[[ Dataset records open ]]

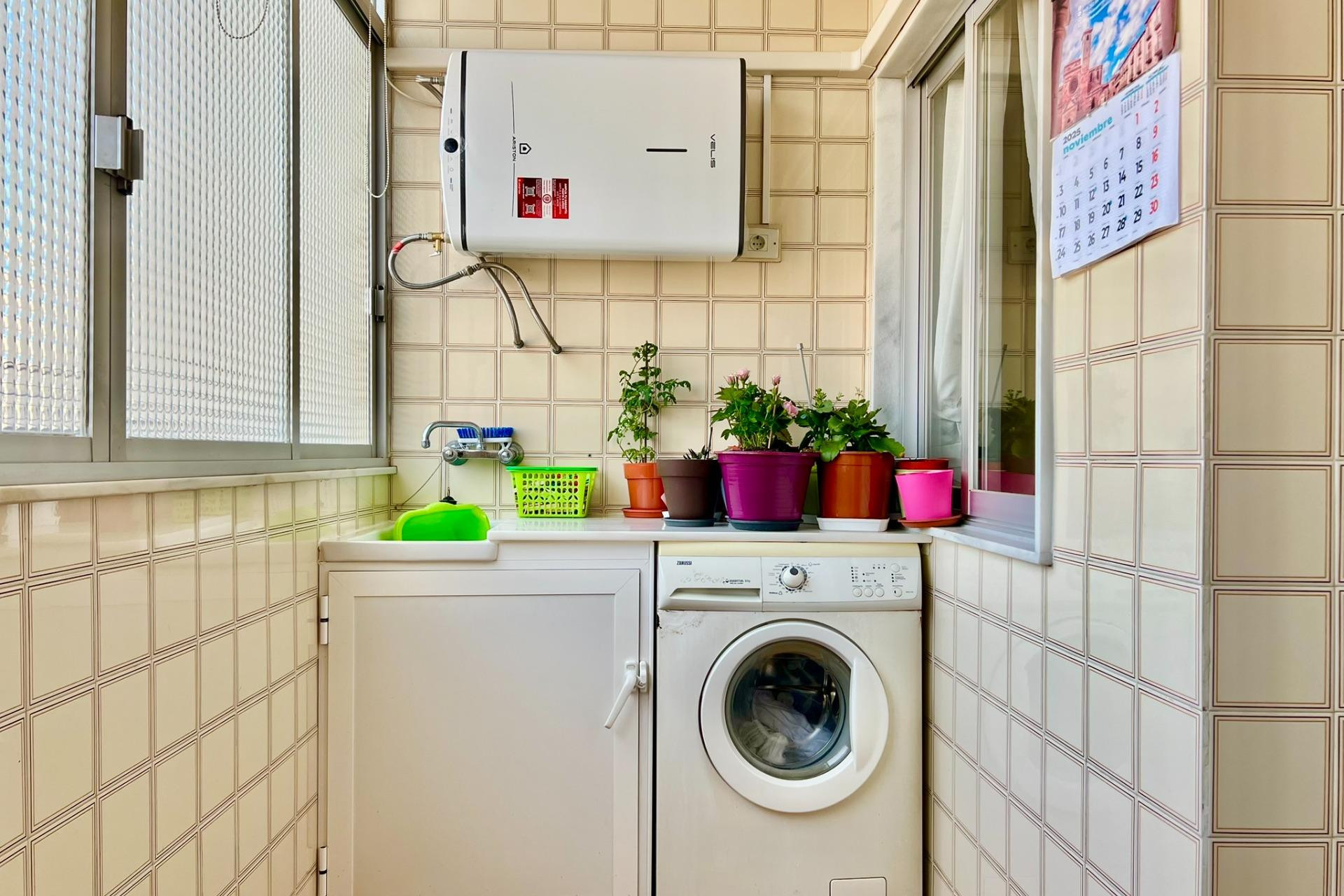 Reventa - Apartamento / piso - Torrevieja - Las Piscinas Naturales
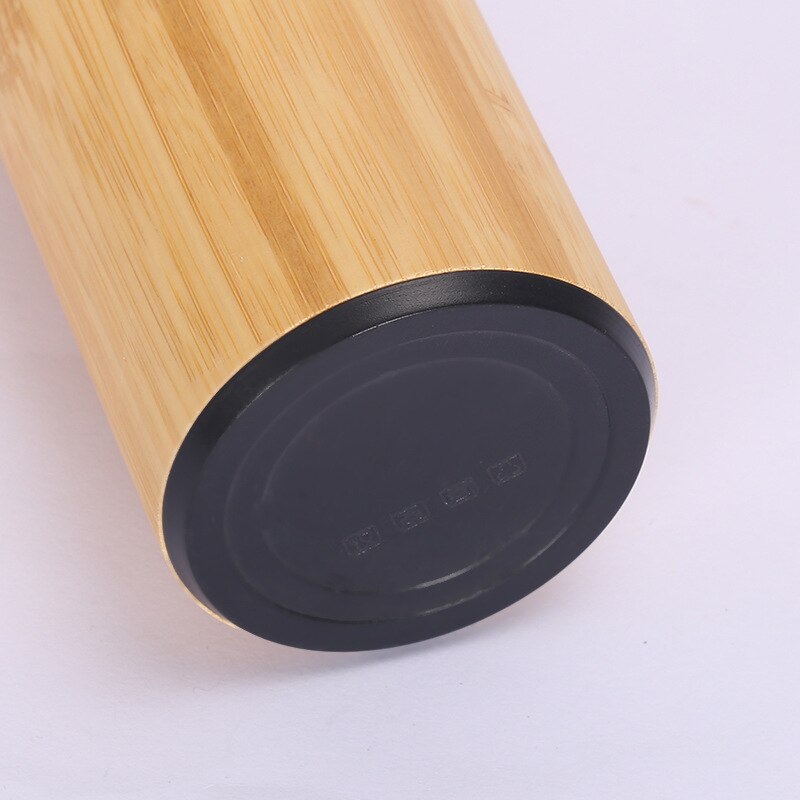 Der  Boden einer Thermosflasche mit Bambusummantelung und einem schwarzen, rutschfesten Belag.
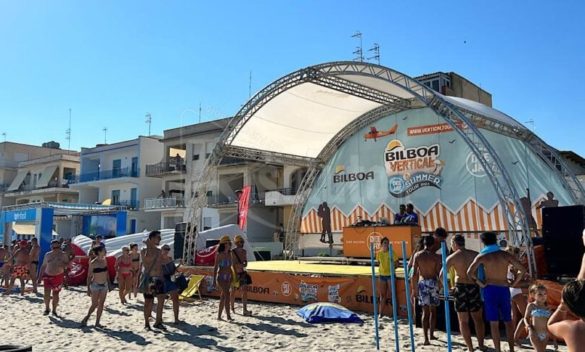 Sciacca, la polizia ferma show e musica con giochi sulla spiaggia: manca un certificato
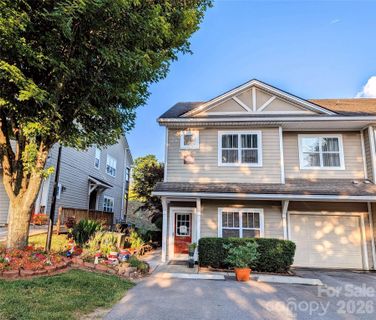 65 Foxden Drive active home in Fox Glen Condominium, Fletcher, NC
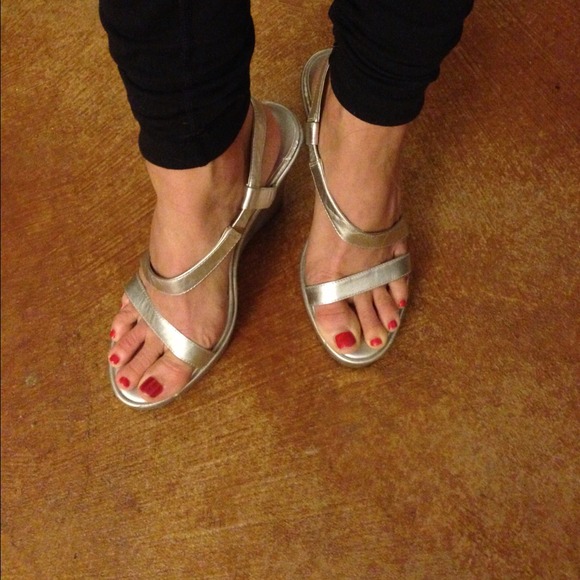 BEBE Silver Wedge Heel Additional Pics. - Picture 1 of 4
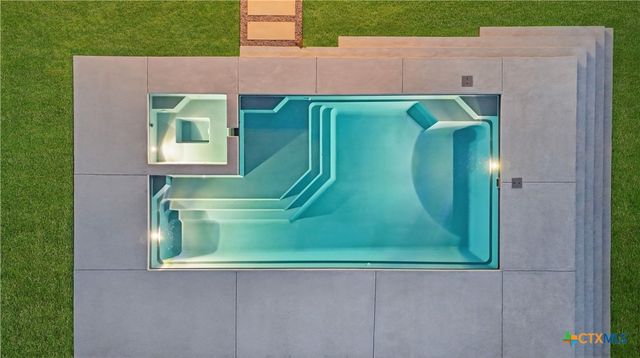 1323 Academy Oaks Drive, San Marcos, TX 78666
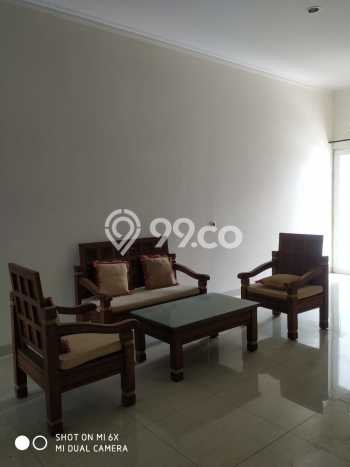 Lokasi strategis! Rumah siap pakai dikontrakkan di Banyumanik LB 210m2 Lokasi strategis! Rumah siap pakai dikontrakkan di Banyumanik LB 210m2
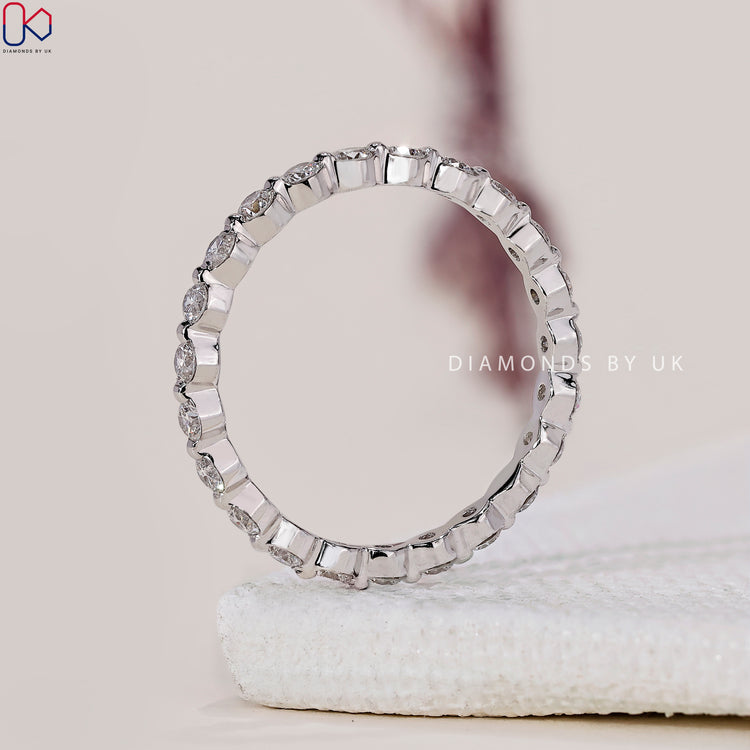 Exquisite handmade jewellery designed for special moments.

[[ Dataset records closed ]]

## [Task goal]
Output only the lines from the one that contains "LB 210m2 Lokasi" to the end of the entries above, both end lines included, and drop the pictures.

## [Answer space]
 Lokasi strategis! Rumah siap pakai dikontrakkan di Banyumanik LB 210m2 Lokasi strategis! Rumah siap pakai dikontrakkan di Banyumanik LB 210m2
 Exquisite handmade jewellery designed for special moments.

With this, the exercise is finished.